The city still owns the 252 social-housing units in the 1,100-unit project.
A University of B.C. real-estate analyst says that it’s a good move by the city, even though it’s hard to tell how exactly the price compares to other bulk apartment sales in Vancouver.
The average price of apartment units bought in bulk sales is $270,000, according to numbers compiled by apartment brokers David and Mark Goodman. The top price recently was $402,000 a unit for buyers of a Kerrisdale apartment project.
“It doesn’t leap out that this price is too low,” said Tsur Somerville, director for the UBC Centre for Urban Economics and Real Estate. “And, as an economist, I would say there’s no reason on earth why governments should own market rentals.”
Tenants in the three buildings, who were notified about the sale last week, appear unfazed and even hopeful about the change.
“The receiver has been very officious. They haven’t treated the people who rented those units terribly well,” said James Clarke, who has been renting one of the units since 2010. “At the end of the day, these are our homes.”
Mr. Leitch said the plan is to continue renting the units indefinitely.
“If you look at the returns, rental gives you the lowest volatility. Rents are stable.”
Bentall’s investment pool attracts capital from large institutions and individuals. It has a portfolio of about $3-billion, Mr. Leitch said.
The City of Vancouver ended up having to carry the construction debt for the project after the New York hedge fund financing the private developer balked over cost overruns as the 2008 recession began.

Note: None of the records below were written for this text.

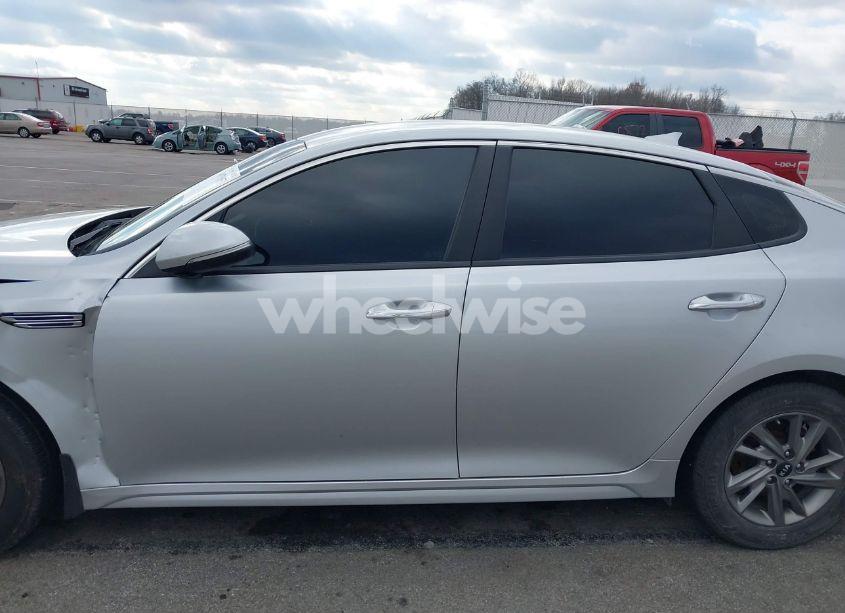 Photo 14 of 2019 Kia Optima LX (VIN 5XXGT4L39KG341935)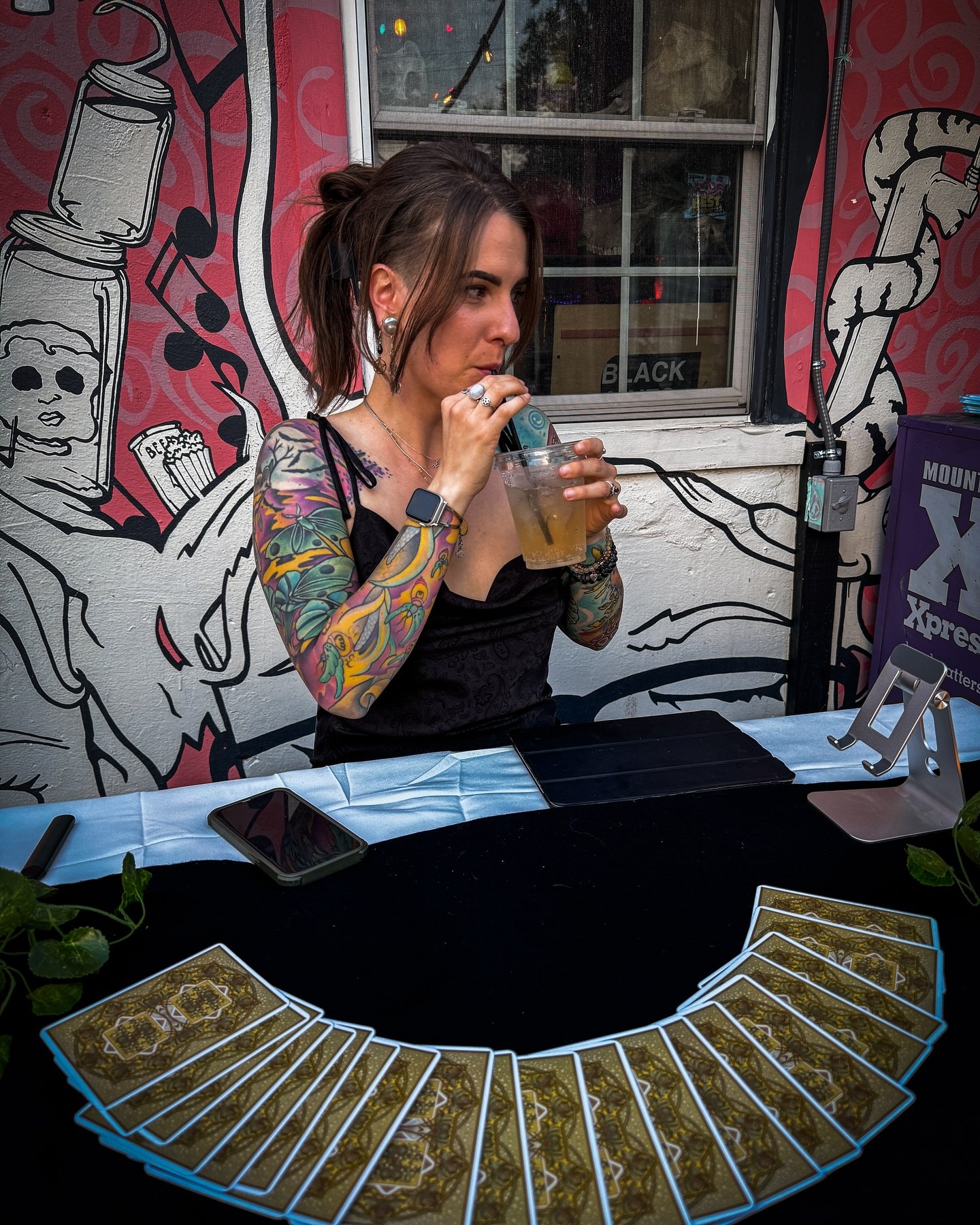 Come visit me tomorrow at @radfarmersmarket ✨ I&rsquo;ll be offering astrology chart &amp; tarot readings in honor of the Fall Equinox 🙏

Astrology chart readings are so fun if you&rsquo;re looking to: 

🌈 Get insight on your career, love life, and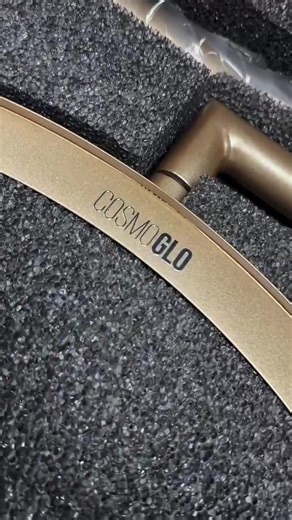 BRB, upgrading our glow. CosmoGlo Light has officially entered the chat 💬✨ Meet the studio essential that makes every angle a good angle, with adjustable lighting that softens shadows and flatters every skin tone. With CosmoGlo Light, colors look more accurate, your setup looks more professional, and your content stands out in every feed. Turn it on, set your brightness, and let your work shine the way it was meant to. Unbox yours and unlock your full potential, just like @chealseas.glow 🤩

Eventually, that private company, Millennium Development Corp., agreed to put the project in receivership. Since then, the receiver Ernst & Young, working with the city, has been aiming to sell off the remaining condos and lease out the rest of the commercial space.
It’s estimated by those close to the project that the city will lose between $240-million and $290-million in total – including the $170-million that was anticipated for the land, which it will never get.
There are still 90 unsold condos on the market and 26 more being rented.
Since the receiver was appointed, there have been 339 condos sold for a total price of $331-million, as well as several million in rent collected. However, the cost of receiver and legal bills, repairs to existing units, and strata fees has meant that the city only netted $250-million of that so far.
By the end of 2010, the city’s financial report indicated the debt was $504-million. The city was unable to provide a representative to say what the current debt level is or to comment on the sale.